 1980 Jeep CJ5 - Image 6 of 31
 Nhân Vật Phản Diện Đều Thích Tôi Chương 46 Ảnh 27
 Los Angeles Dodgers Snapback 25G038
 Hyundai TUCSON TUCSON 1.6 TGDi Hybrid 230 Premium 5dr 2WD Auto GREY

---

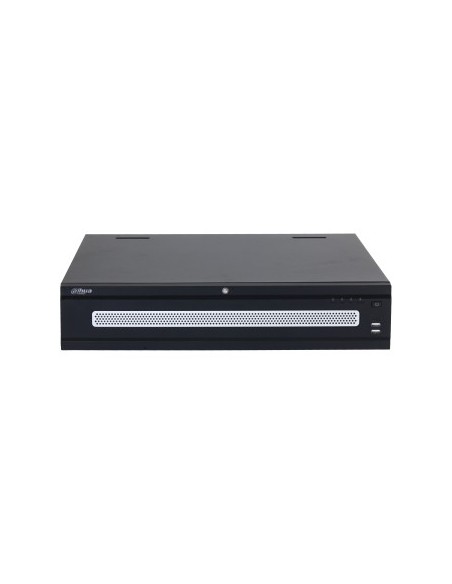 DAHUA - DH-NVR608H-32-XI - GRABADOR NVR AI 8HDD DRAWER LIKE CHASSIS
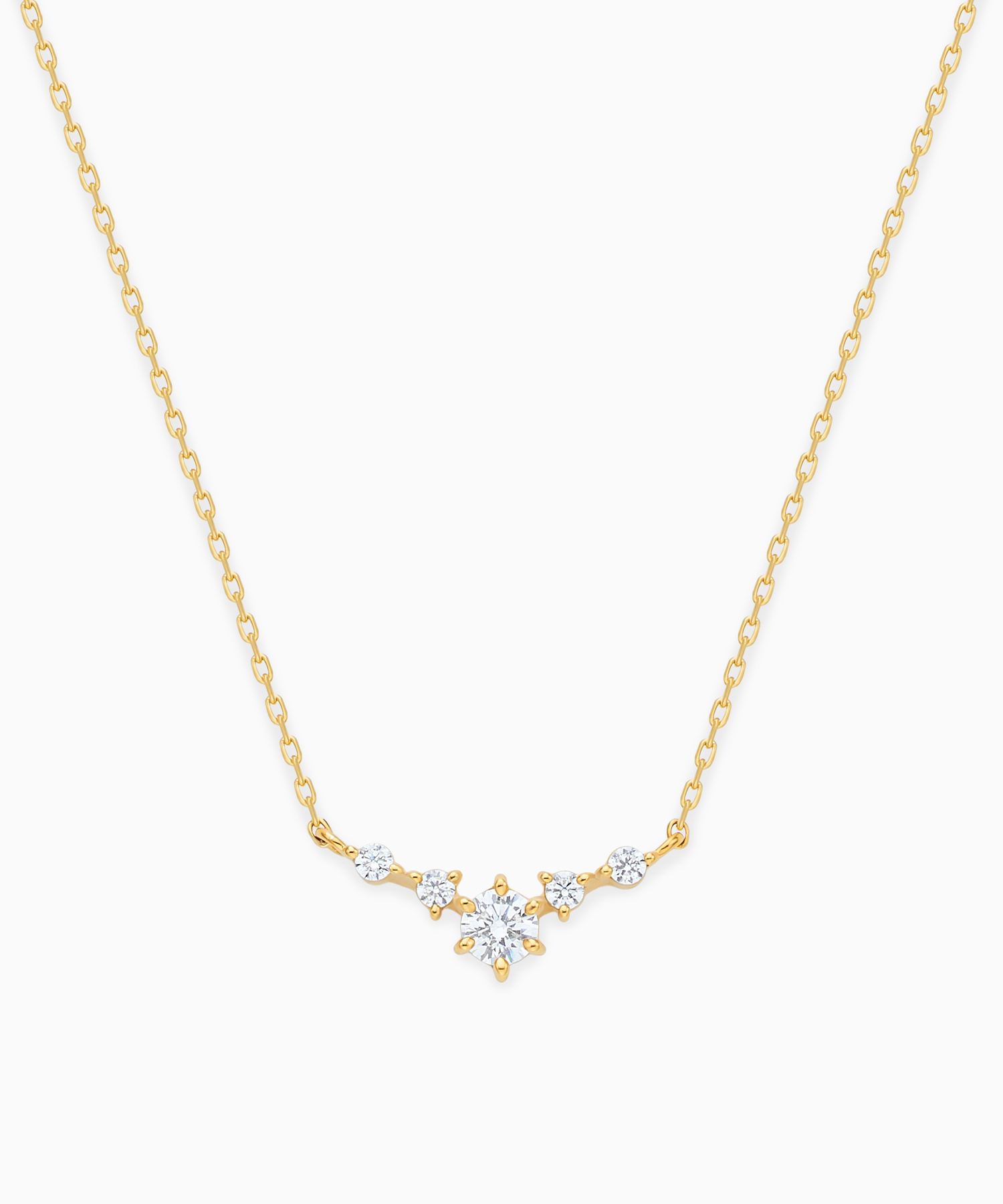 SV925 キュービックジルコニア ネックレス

...

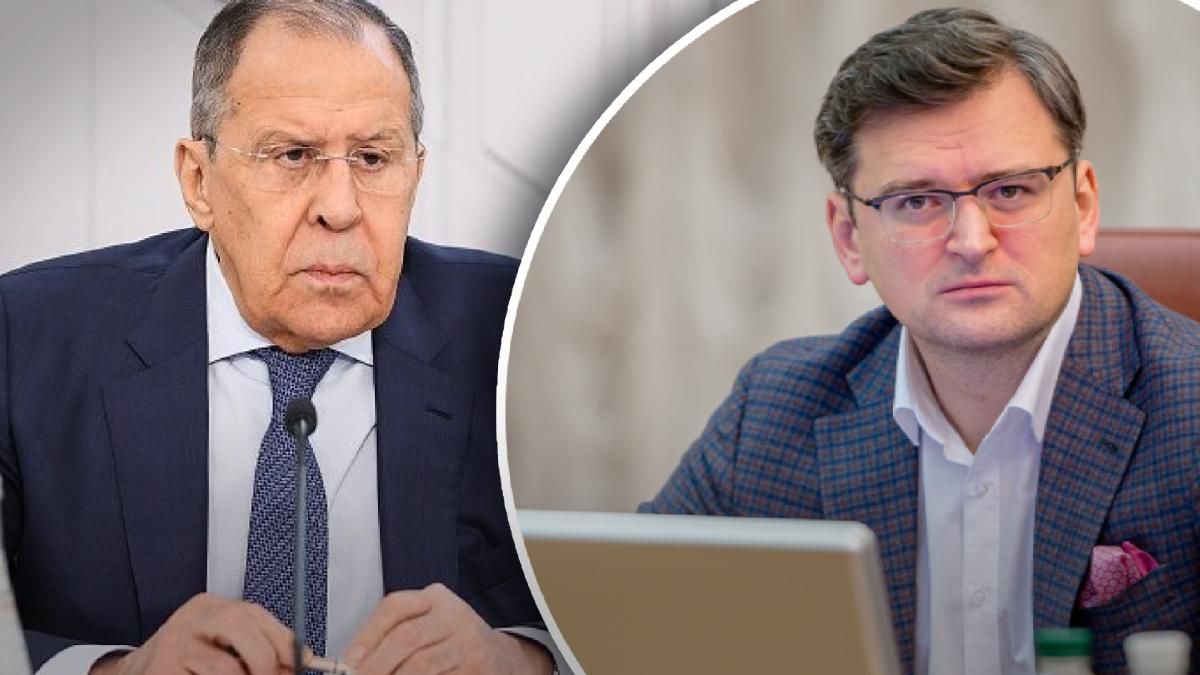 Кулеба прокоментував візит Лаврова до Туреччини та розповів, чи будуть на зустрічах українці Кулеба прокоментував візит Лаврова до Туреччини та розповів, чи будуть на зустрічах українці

- What to do:
When the line with "1980 Jeep CJ5 - Image 6 of 31" is reached in the data above, start copying there, and copy each line exactly until the line with "Hyundai TUCSON TUCSON" has been copied; copy nothing else.

- Exercise result:
 1980 Jeep CJ5 - Image 6 of 31
 Nhân Vật Phản Diện Đều Thích Tôi Chương 46 Ảnh 27
 Los Angeles Dodgers Snapback 25G038
 Hyundai TUCSON TUCSON 1.6 TGDi Hybrid 230 Premium 5dr 2WD Auto GREY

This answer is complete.